Adversity
is the grindstone of life. Intended to polish you up, adversity
also
has the
ability
to grind you down. The impact and ultimate result depend on
what you
do with the difficulties that come your way. Consider the phenomenal
achievements
of people experiencing adversity.
Beethoven
composed his greatest works after becoming deaf. Sir Walter
Raleigh wrote
the History of the World during a thirteen year imprisonment. If
Columbus
had turned back, no one could have blamed him, considering the
constant
adversity he endured. Of course, no one would have remembered him
either.
Abraham
Lincoln achieved greatness by his display of wisdom and
character
during the devastation of the Civil War. Luther translated the Bible
while
enduring
confinement in the Castle of Wartburg. Under a sentence of
death and
during twenty years in exile, Dante wrote the Divine Comedy. John
Bunyan wrote
Pilgrim's Progress in a Bedford jail.
Finally,
consider
a more recent example. Mary Groda-Lewis endured sixteen
years of
illiteracy because of unrecognized dyslexia, was committed to a
reformatory
on two different occasions, and almost died of a stroke while
bearing a
child.
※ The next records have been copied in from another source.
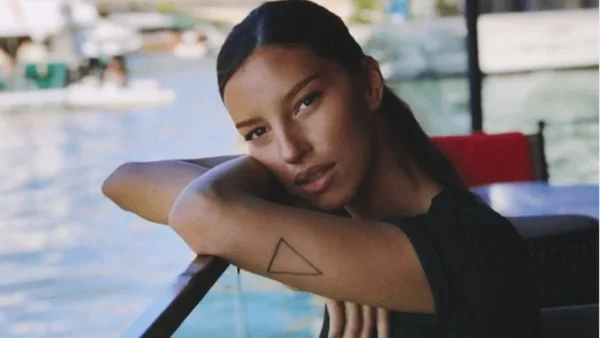 Την έχει χτυπήσει ο έρωτας κατακούτελα - «Λιώνει» η Χαρά Παππά δίπλα στον νέο της σύντροφο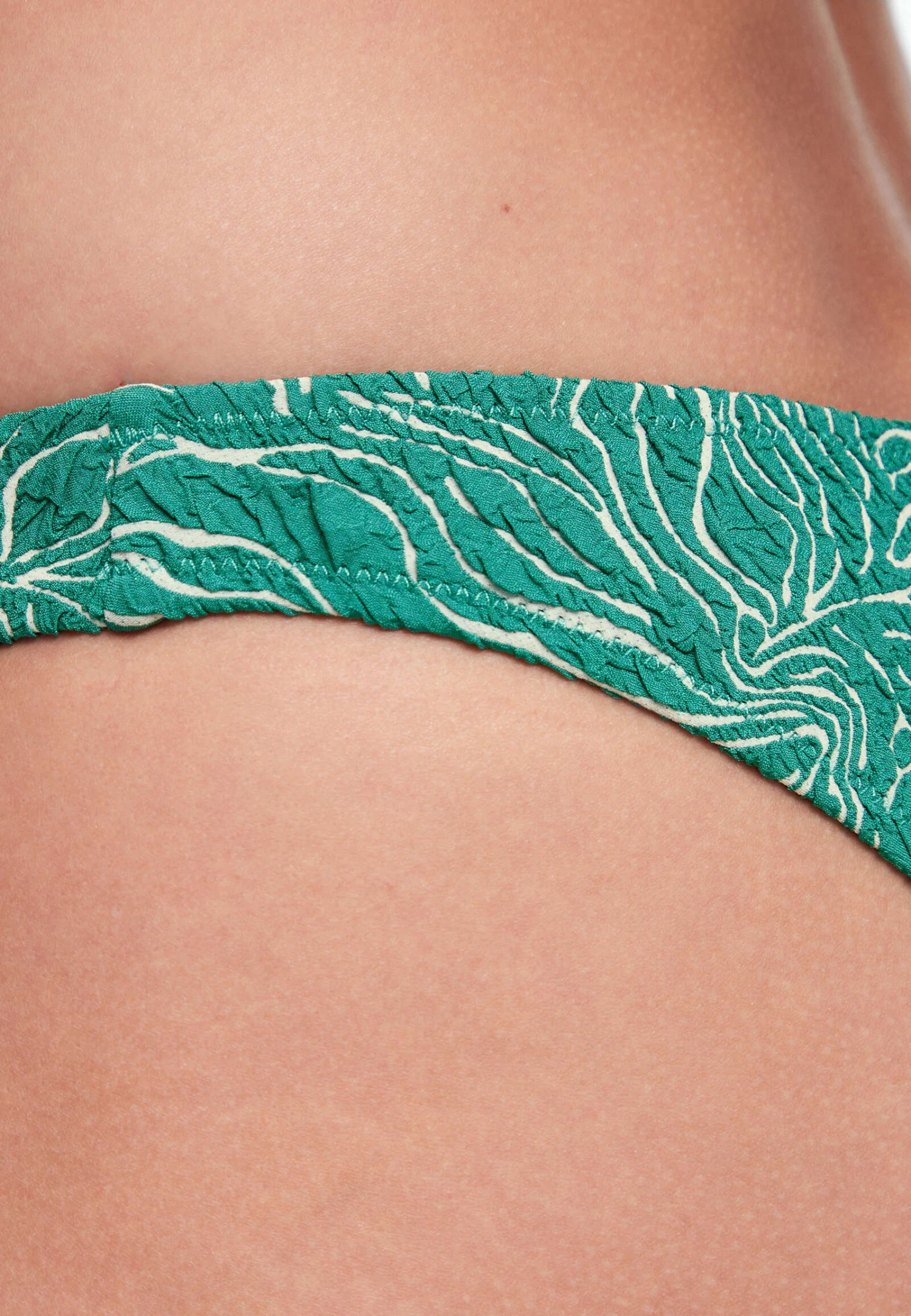 Oysho Medium-Coverage Jacquard- Bikini Pezzo Sotto - Mottled Turquoise 6 Oysho Medium-Coverage Jacquard- Bikini Pezzo Sotto - Mottled Turquoise - immagine 4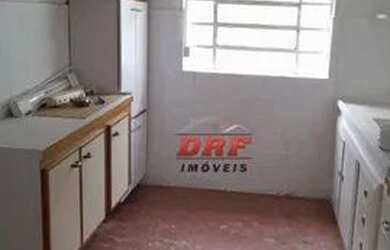 Imagem: A casa possui 2 Dormitórios, 1 Banheiro, 180m² de Área e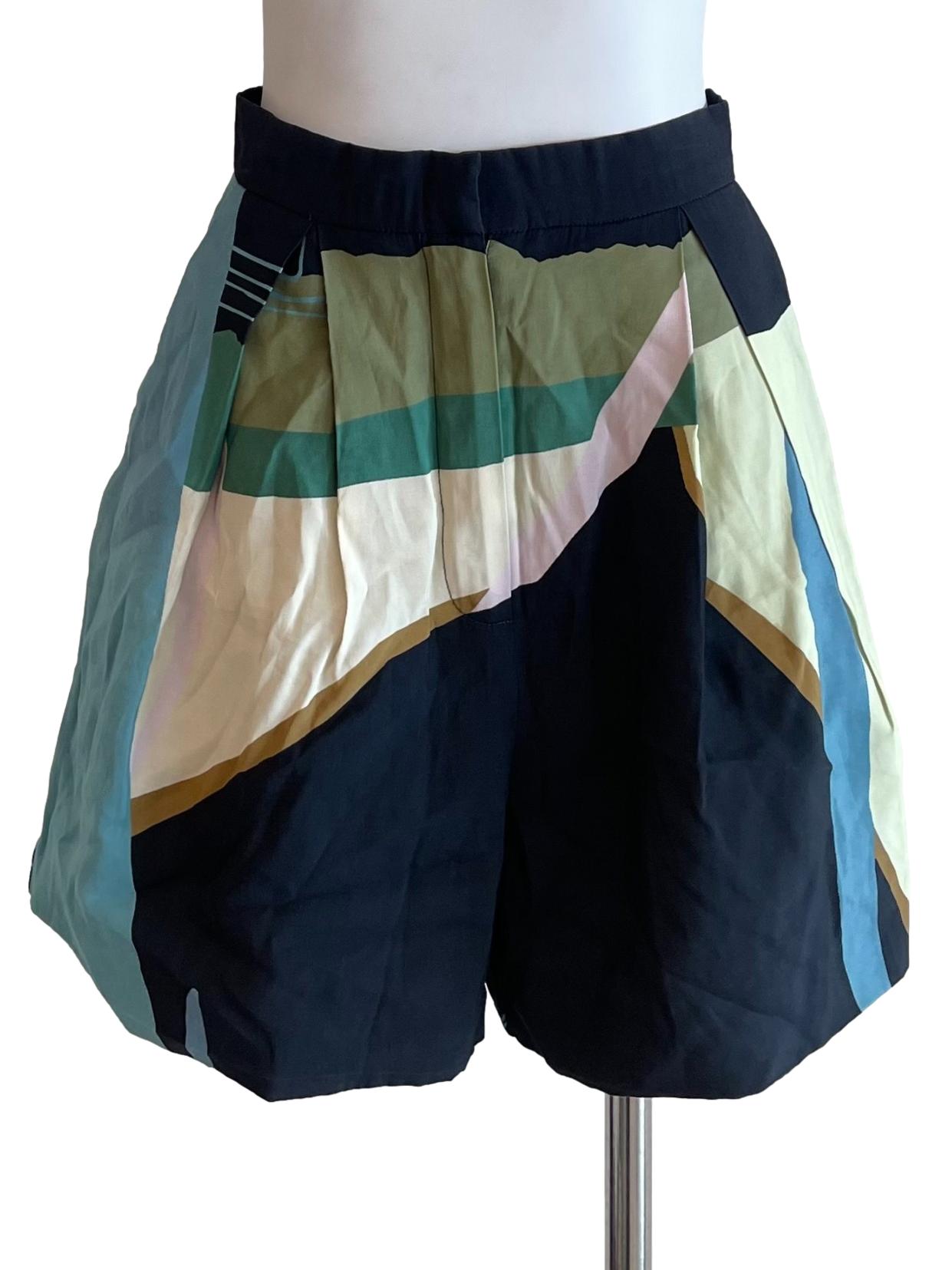 Charcoal Graphic Pleated Shorts OSN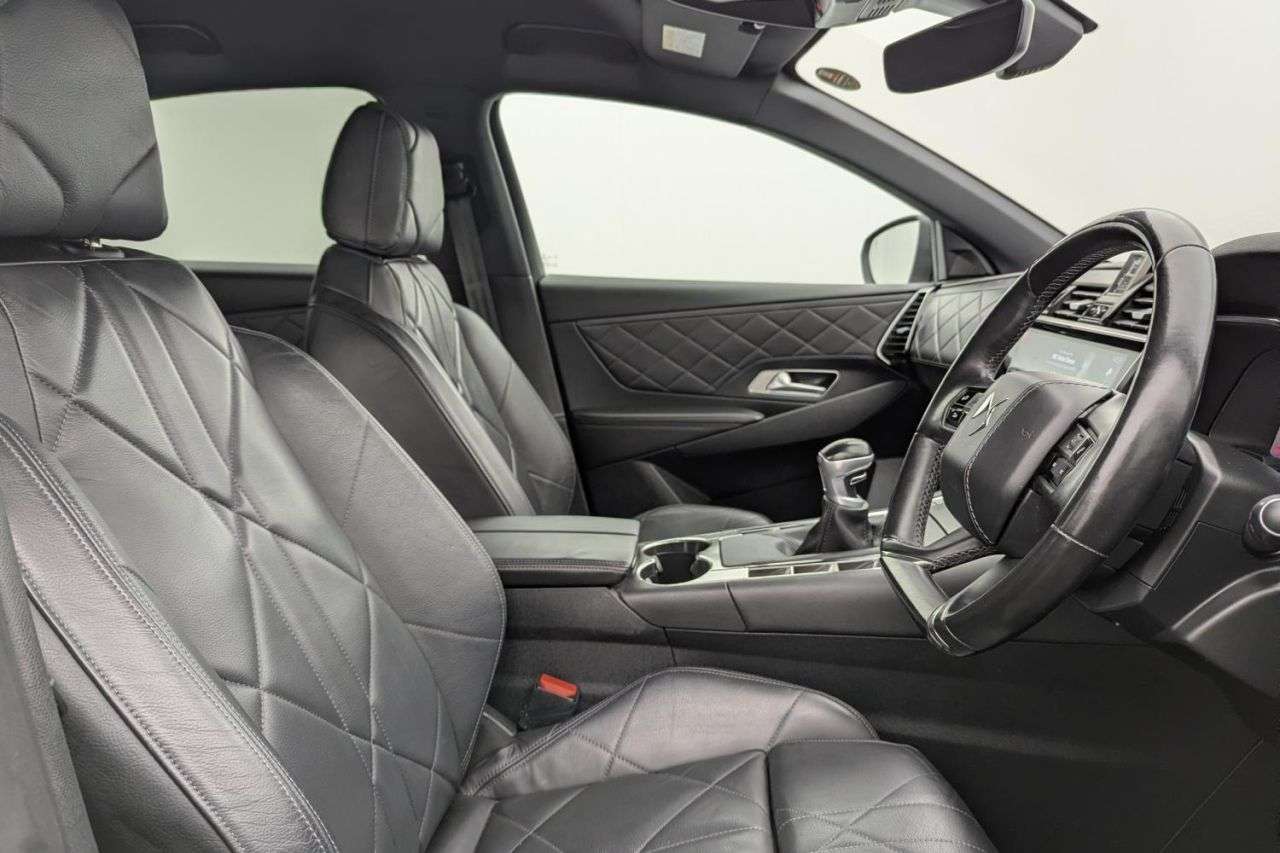 A 2019 DS AUTOMOBILES DS 7 CROSSBACK 1.2 PureTech Prestige Crossback 5dr Petrol Manual Euro 6 (s/s) (130 ps) Awa A 2019 DS AUTOMOBILES DS 7 CROSSBACK 1.2 PureTech Prestige Crossback 5dr Petrol Manual Euro 6 (s/s) (130 ps) Awa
Committed to going to college, she worked at a variety of
odd
jobs to save
money, graduated with her high school equivalency at eighteen,
was named
Oregon's outstanding Upward Bound student, and finally entered
college.
Determined to become a doctor, she faced fifteen medical school
rejections
until Albany Medical College finally accepted her. In 1984, Dr.
Mary
Groda-Lewis,
at thirty-five, graduated with honors to fulfill her dream.
Adversity
- the grindstone of life. Will it grind you down or polish you up?